= Activity =
The data beneath this task is to be duplicated exactly, in its entirety.

Dataset extract below:

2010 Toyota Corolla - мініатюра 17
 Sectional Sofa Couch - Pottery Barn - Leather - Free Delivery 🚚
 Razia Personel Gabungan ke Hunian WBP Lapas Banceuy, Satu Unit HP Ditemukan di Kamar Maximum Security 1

End of Dataset extract.

= Task response =
2010 Toyota Corolla - мініатюра 17
 Sectional Sofa Couch - Pottery Barn - Leather - Free Delivery 🚚
 Razia Personel Gabungan ke Hunian WBP Lapas Banceuy, Satu Unit HP Ditemukan di Kamar Maximum Security 1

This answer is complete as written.